INPUT DATA section start
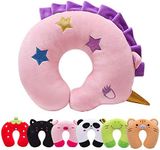 H HOMEWINS Travel Pillow for Kids Toddlers - Soft Neck Head Chin Support Pillow, Cute Animal, Comfortable in Any Sitting Position for Airplane,Car,Train,Machine Washable,Children Gift (Unicorn)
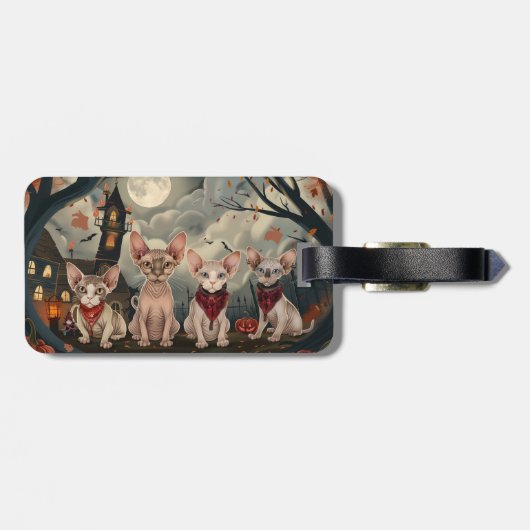 スフィンクス猫ハロウィン不気味 ラゲッジタグ (裏面横)
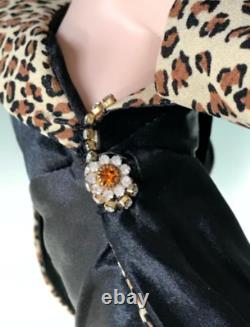 1989 Franklin Mint Erte Panther Lady In Black Art Deco Porcelain Doll Rare 19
INPUT DATA section end
TASK BRIEF :: Would you output the full listing exactly as it stands, minus the images?

EXERCISE ANSWER ::
 H HOMEWINS Travel Pillow for Kids Toddlers - Soft Neck Head Chin Support Pillow, Cute Animal, Comfortable in Any Sitting Position for Airplane,Car,Train,Machine Washable,Children Gift (Unicorn)
 スフィンクス猫ハロウィン不気味 ラゲッジタグ (裏面横)
 1989 Franklin Mint Erte Panther Lady In Black Art Deco Porcelain Doll Rare 19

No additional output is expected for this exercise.